西条が光を持った強い目で俺を見つめてくる。

「そーだなぁ、まず、南が虐待されてるのは知ってるか?」
「虐待!?あ、すみません。大きな声を出してしまって。・・・知りませんでした」
「そうか。まずそこからだな。南の話によると、南の母親は南を養うのも随分としんどくなってきているようだ」
「そんな・・・!」

西条が大きく目を見開いた。信じられない、と彼女が言葉で言わずともわかった。

「残念ながら、これは事実だ」
「で、でも、佳奈ちゃんはあんなに楽しそうにしてて、どうして私だけ捨てられたんだろうって、この学校に入ってからずっとねたみ続けてきてて、でも本当は虐待されてたとか意味わかんない!」
「待て待て。

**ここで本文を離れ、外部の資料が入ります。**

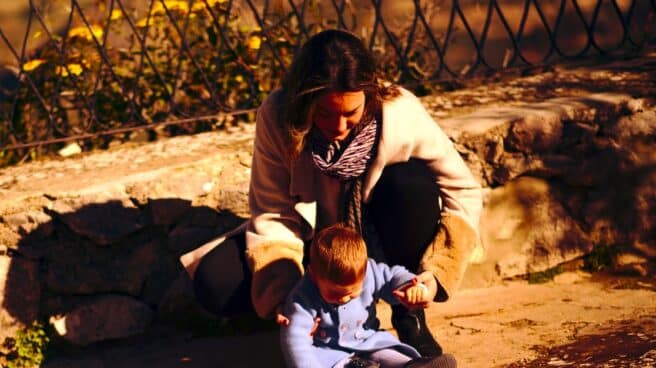 basta-juzgar-familias-educacion-educar-sin-gps Una mujer juega con un bebé en la calle.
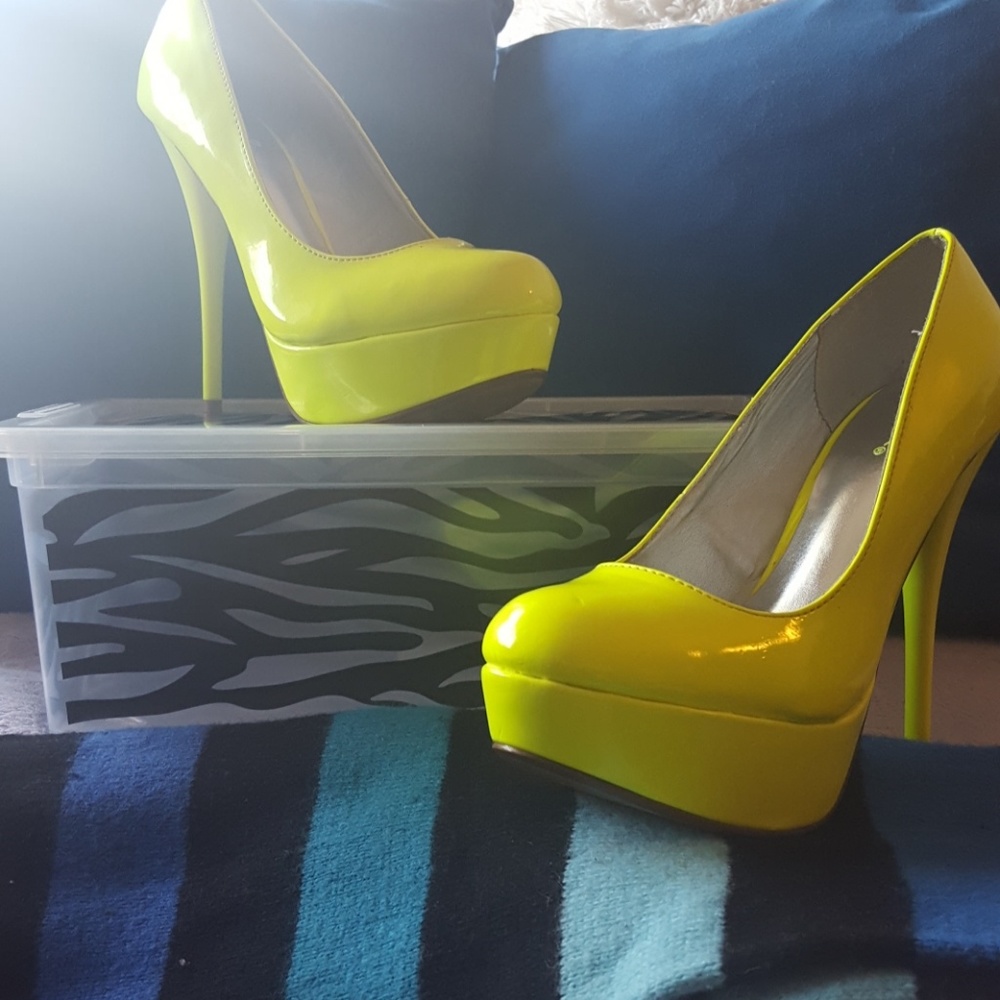 Qupid Platform high heels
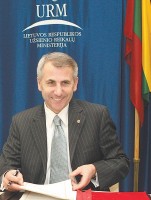 V.Ušackas: 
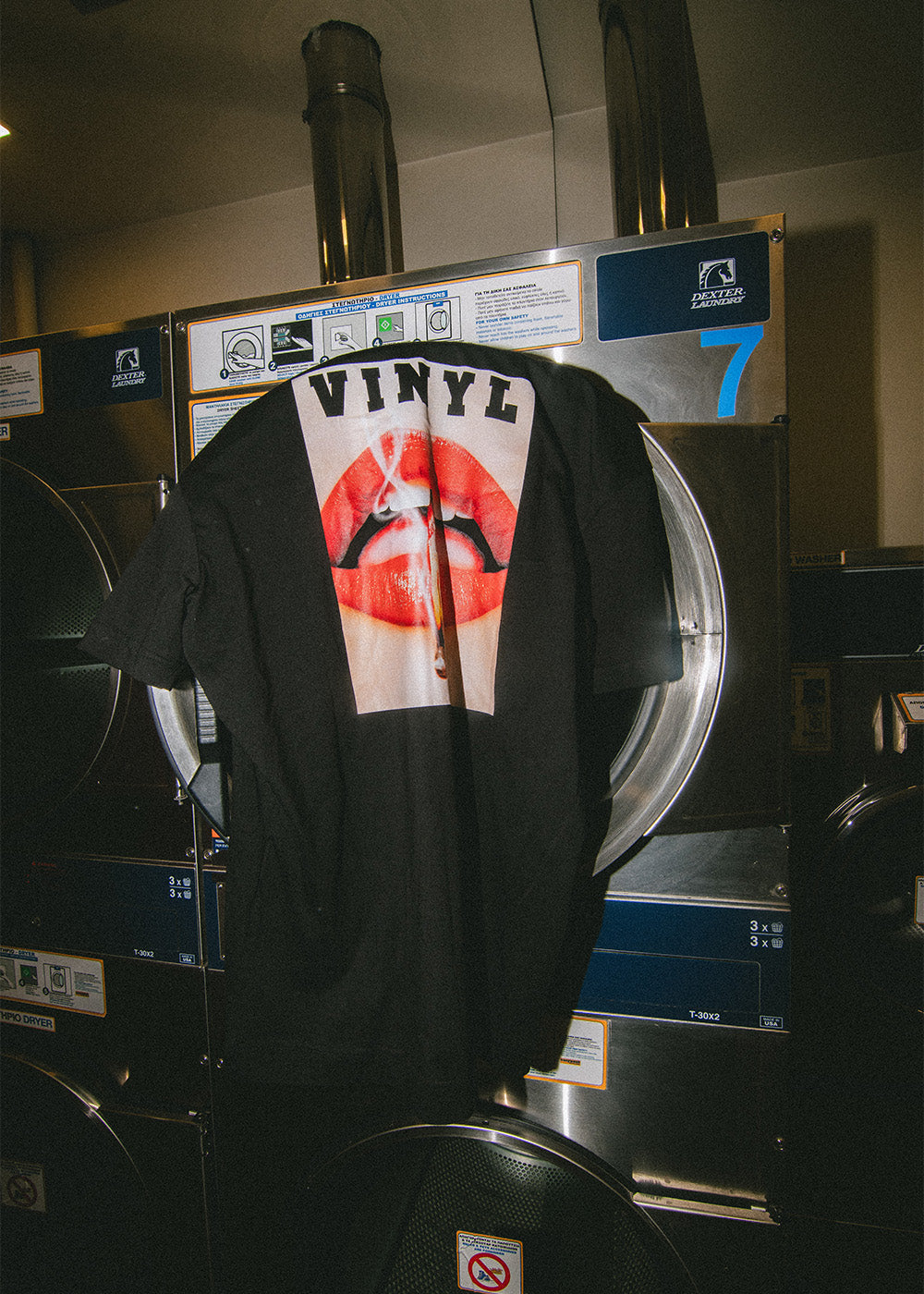 Vinyl μπλουζα με τυπωμα μαυρη cotton oversized - sizzle lips t-shirt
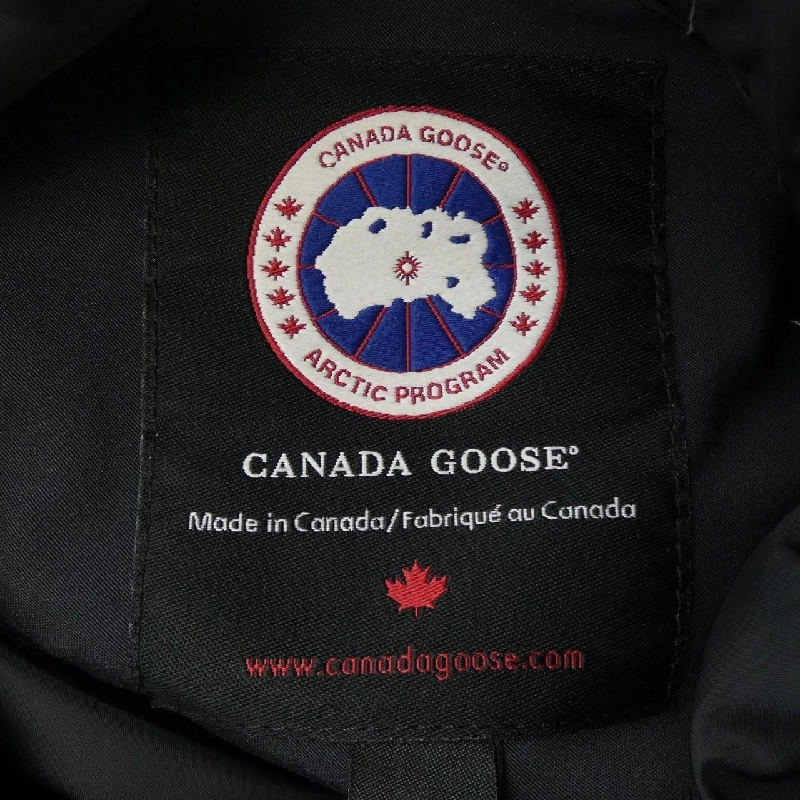 【Khuyến mãi】Áo khoác lông vũ Canada Goose 638922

混乱するのはわかる。だけど、ちゃんと整理しようぜ?」
「・・・そうですね。儷くんの言うとおりです。取り乱してしまってすみません」

そう言って、西条は一度深呼吸をすると、元通りに戻った。

「とりあえず、今日はもう授業サボるしかねーな」
「あぁ、そうだな。儷の言うとおりだ。あの先生、テストの点数さえ取ってれば、10くれるしな」
「おう」
「え、でも、そんな悪いですよ。お二人にこんな迷惑をかけるなんて・・・」
「大丈夫だって。俺たちの話には続きがあんの」
「続き、ですか?」
「そうそう。儷が考えたとっておきの案なんだよ」
「そこに西条が入ればもっといいかもしれないな、と思って」
「おぉ!それいいね!なんだか光が見えてきたぞ!」
「そうだな!よし、そうと決まれば屋上だ。行くぞ、凛、西条」
「おう!」
「はい!」

こうして俺たち3人は屋上へと向かったのだった。